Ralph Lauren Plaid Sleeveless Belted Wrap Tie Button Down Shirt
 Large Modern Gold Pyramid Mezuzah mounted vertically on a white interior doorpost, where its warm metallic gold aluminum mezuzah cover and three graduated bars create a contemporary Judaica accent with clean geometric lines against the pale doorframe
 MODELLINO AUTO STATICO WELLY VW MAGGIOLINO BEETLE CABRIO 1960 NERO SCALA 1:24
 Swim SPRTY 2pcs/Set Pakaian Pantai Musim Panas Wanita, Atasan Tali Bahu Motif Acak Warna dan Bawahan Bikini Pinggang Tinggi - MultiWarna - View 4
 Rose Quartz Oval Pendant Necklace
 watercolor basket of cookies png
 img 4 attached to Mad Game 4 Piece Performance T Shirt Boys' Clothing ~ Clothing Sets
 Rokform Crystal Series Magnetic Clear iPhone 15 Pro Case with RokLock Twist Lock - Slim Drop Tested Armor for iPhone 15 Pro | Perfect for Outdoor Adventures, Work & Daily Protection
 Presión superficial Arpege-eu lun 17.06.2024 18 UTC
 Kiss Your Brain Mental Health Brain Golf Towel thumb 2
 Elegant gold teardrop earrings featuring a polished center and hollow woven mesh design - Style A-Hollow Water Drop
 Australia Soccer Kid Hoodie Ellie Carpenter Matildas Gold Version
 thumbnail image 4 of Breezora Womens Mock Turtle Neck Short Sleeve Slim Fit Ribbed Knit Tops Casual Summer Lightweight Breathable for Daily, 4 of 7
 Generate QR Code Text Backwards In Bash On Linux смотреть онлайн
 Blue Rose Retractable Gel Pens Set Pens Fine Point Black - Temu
----------------
TASK INSTRUCTIONS → Please copy the lines above from the line with "Rose Quartz Oval Pendant Necklace" up to and including the line with "Kiss Your Brain", exactly as written and with nothing else.

RESPONSE BOX →
 Rose Quartz Oval Pendant Necklace
 watercolor basket of cookies png
 img 4 attached to Mad Game 4 Piece Performance T Shirt Boys' Clothing ~ Clothing Sets
 Rokform Crystal Series Magnetic Clear iPhone 15 Pro Case with RokLock Twist Lock - Slim Drop Tested Armor for iPhone 15 Pro | Perfect for Outdoor Adventures, Work & Daily Protection
 Presión superficial Arpege-eu lun 17.06.2024 18 UTC
 Kiss Your Brain Mental Health Brain Golf Towel thumb 2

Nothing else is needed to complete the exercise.